ISSUE 49
November 2010

Jesse Waters

 

Jesse Waters Jesse Waters, runner-up for the Iowa Review Prize, finalist in the Glimmer Train 2003 Poetry Open and The Davoren Hanna International Poetry Contest, and a winner of the 2001 River Styx International Poetry Contest, has published fiction, poetry and non-fiction in such journals as 88: A Journal of Contemporary Poetry, The Adirondack Review, Coal Hill Review, The Cortland Review, Cimarron Review, Concrete Wolf, Iowa Review, Plainsongs, Magma, River Styx, Slide, Southeast Review, Story Quarterly, Sycamore Review and others.

It Could Be Said


the salesman almost had her sold, but she wanted to be sure about certain things. On the televisions around them, the weatherman called for snow in the north. It was almost winter, 1963. They wouldn't be seeing the snow.

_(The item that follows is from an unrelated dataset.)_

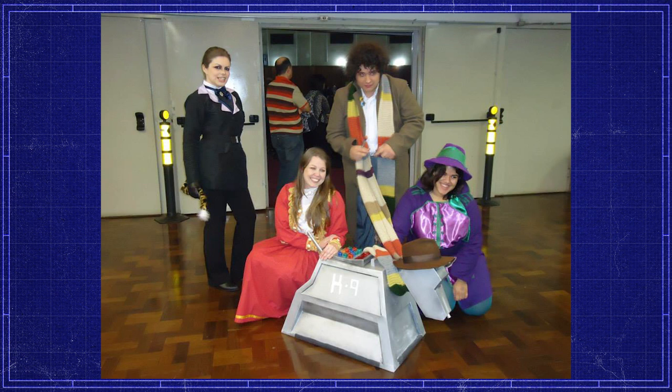This flock, caught on film in Brazil by Letitia, is fantastic — featuring two Romanas, both Taran and Alzerian variants, a Cheetah Planet Master and a classic fourth Doctor.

"Now you're sure this is a step up?"

"Absolutely. A full step up."

"And he'll notice the difference?"

"All the differences, yes. Take a look at this." The salesman pointed to a picture in the instruction booklet: SLOWMOTION—Capture the Excitement of Baby's First Steps!

"We don't have any children, any babies, I mean."

"It's not the children. It's the slow motion. See? You can push this button and things slow down." She looked at the booklet herself. It was true. Frame by frame, a small baby with a cowlick swirl was slowly rising from its crawl to walk.

"But it's a step up. You're positive about that, right?" She needed to be sure. "It is a lot of money."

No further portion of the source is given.